In January 1973, a young American engineer walked into the office of the Irish Consul General in Chicago and asked, with apparent seriousness, whether Ireland might be interested in hosting a commercial spaceport. He had a specific island in mind. Inishnabro - Inis na Bro, the island of the quern stone - is a 49-hectare lump of rock off the western edge of County Kerry, separated from its neighbour Inishvickillane by a sound so narrow you could throw a hat across it. The cliffs on its northern coast are known as the Cathedral Rocks because they rise in arched columns like the nave of a Gothic church. No one lives there. No one has lived there in living memory. And yet for a few weeks in 1973, a small file marked Inishnabro circulated through the Irish Department of Foreign Affairs containing the words space shuttle.
Inishnabro rises to 229 metres at its highest point, a respectable Marilyn for an island you could walk across in under an hour. Approaching from the east, the green crown of grass and sea-pink ends abruptly at sheer northern cliffs that the early Irish-language tradition compared to a cathedral. Auks - puffins, razorbills, guillemots - cling to ledges in numbers that recall the noise and smell of medieval markets. The seas here can run uncannily quiet on still summer mornings and merciless on winter ones. A 200-metre sound divides the island from Inishvickillane, where one of the last serious attempts at habitation in the archipelago played out across the twentieth century. On Inishnabro itself, the last people were monks, perhaps, or hermits. Today the residents are entirely feathered.
The American who showed up in Chicago was Gary Hudson, a young aerospace engineer who would later become a respected figure in the commercial space industry. In 1973 he was selling an idea that, by his own framing, brought together some impressive names: the British astronomer Sir Fred Hoyle - the cosmologist who coined the term Big Bang as a joke - and an unnamed American astronaut said to have walked on the Moon. The pitch was that Inishnabro could become a launching site for a new generation of commercial reusable shuttles. The Irish Consul General, Sean Farrell, listened. In a memorandum he later sent to Dublin, Farrell wrote that his initial reaction was one bordering on disbelief, but that on reflection Hudson struck him as genuine enough. He passed the proposal up the chain.
Back at the Department of Foreign Affairs, the file did not survive the cool air of an Irish civil service summer. Officials concluded that whatever Hudson's objective might be, the scheme he had propounded to Mr Farrell in Chicago belonged mainly to the realms of science fiction and could turn out to be a gigantic leg-pull. The file was shelved. No engineers ever surveyed the cliffs. No bulldozers ever crossed the sound. Hudson went on to a long career working on rocket designs and reusable launch concepts. Hoyle continued his cosmological work and his contrarian theories. The astronaut, if he ever existed in the room, was never named. The proposal vanished from public view for thirty-one years, until the Irish state papers from 1973 were released in 2004 under the thirty-year rule and a journalist for the Irish Examiner discovered them in a routine sweep.

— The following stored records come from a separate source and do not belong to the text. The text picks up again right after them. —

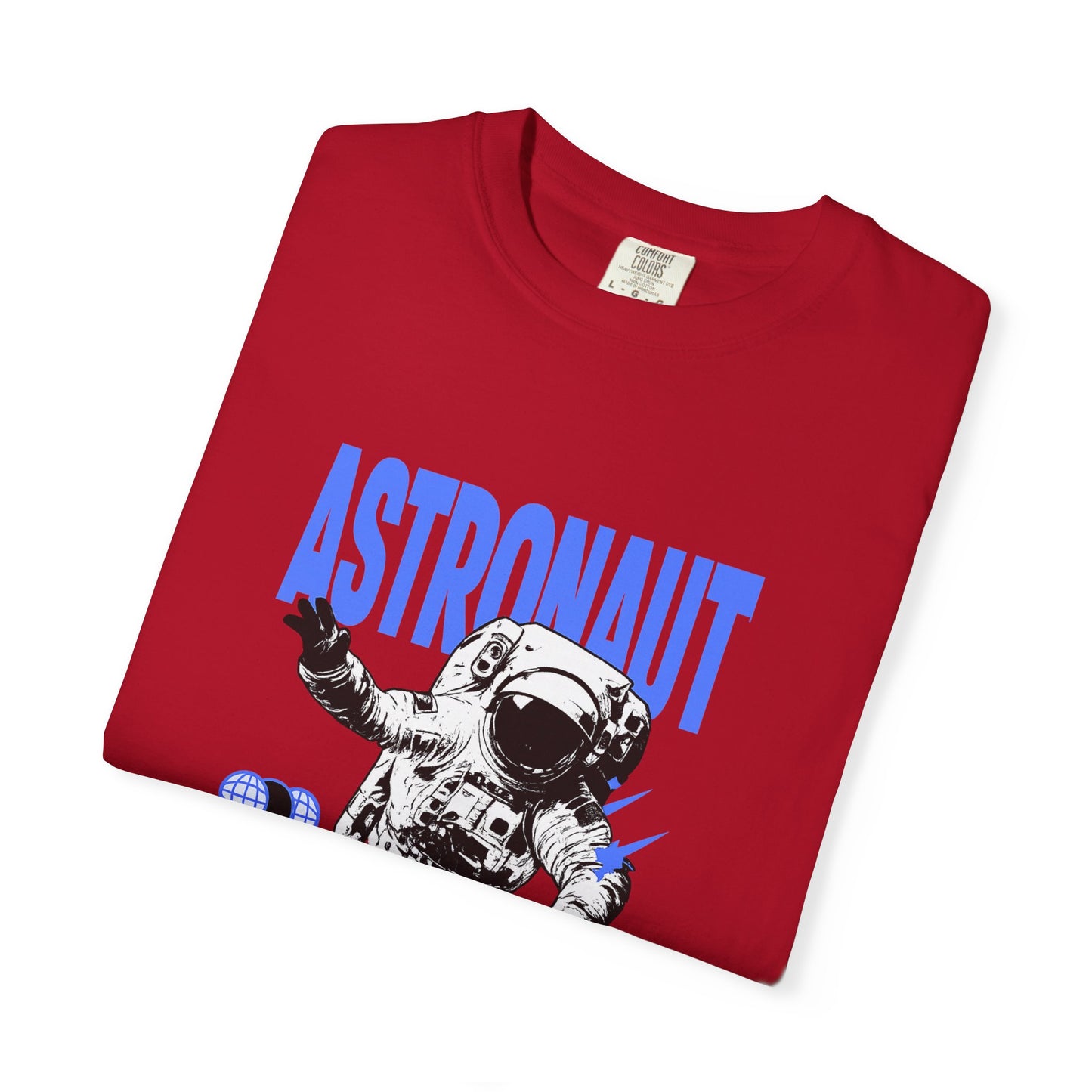 Astronaut Graphic T-shirt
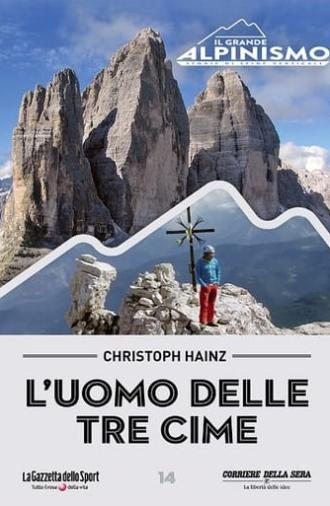 Christoph Hainz - L'uomo delle tre cime (2014)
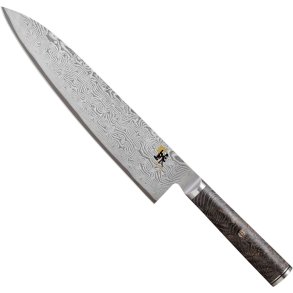 MIYABI 5000 MCD 67 Gyutoh Messer 24 cm, Schwarzer Ahorn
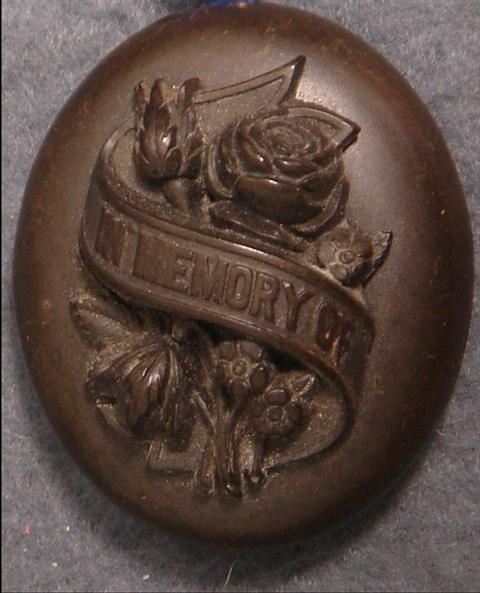 Victorian gutta percha memorial 3baf9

It is hard to read the Inishnabro file today without imagining the parallel future the civil servants quietly declined. Picture the launch towers rising above the Cathedral Rocks. Picture the auks scattering. Picture the contrails arcing east from Kerry over the Atlantic. None of it happened. The cliff colonies grew. The grey seals continued to haul out on the rocks below. The sound between Inishnabro and Inishvickillane silted with the same kelp and Atlantic foam it has carried for centuries. Sometimes the most interesting thing about a place is what nearly happened to it. Inishnabro - one of the six principal Blaskets, one of the smaller and stonier among them - is now best known to walkers who reach it by RIB from the mainland and to the seabirds that have never heard of leg-pulls.

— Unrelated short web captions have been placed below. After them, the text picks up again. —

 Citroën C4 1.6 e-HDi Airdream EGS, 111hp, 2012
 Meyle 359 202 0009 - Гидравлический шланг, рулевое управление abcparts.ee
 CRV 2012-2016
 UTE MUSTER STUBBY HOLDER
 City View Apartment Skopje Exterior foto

From the air, Inishnabro looks like a comma between Inishvickillane and the open ocean. It sits within the special protected area that covers five of the Blaskets - the protected designation excludes only Great Blasket itself - and within the Natura 2000 special area of conservation surrounding the archipelago. The Cathedral Rocks face the wind from the north Atlantic with the same stoic verticality they have shown for millions of years. They were never going to be a launch pad. They were always going to be a colony, a cliff, a small island shaped like a quern. Which, of course, is exactly what its Irish name has always said.

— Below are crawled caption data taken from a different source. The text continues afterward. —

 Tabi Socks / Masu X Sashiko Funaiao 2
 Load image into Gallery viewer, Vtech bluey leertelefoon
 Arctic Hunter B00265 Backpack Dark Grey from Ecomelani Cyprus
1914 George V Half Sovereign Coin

Located at 52.058 degrees north, 10.609 degrees west, between Inishvickillane and Tearaght in the southern half of the Blasket archipelago. The 200-metre sound between Inishnabro and Inishvickillane is one of the most navigable features when scanning the cluster from above. Kerry Airport (EIKY) is about 35 nautical miles east-northeast. Recommended observation altitude 2,500 to 4,000 feet AGL in clear weather. Look for the Cathedral Rocks on the northern coast - vertical, columnar, the most distinctive cliff feature in the archipelago. Winds in the area can be severe and shifting; treat all Blasket approaches with respect for Atlantic weather.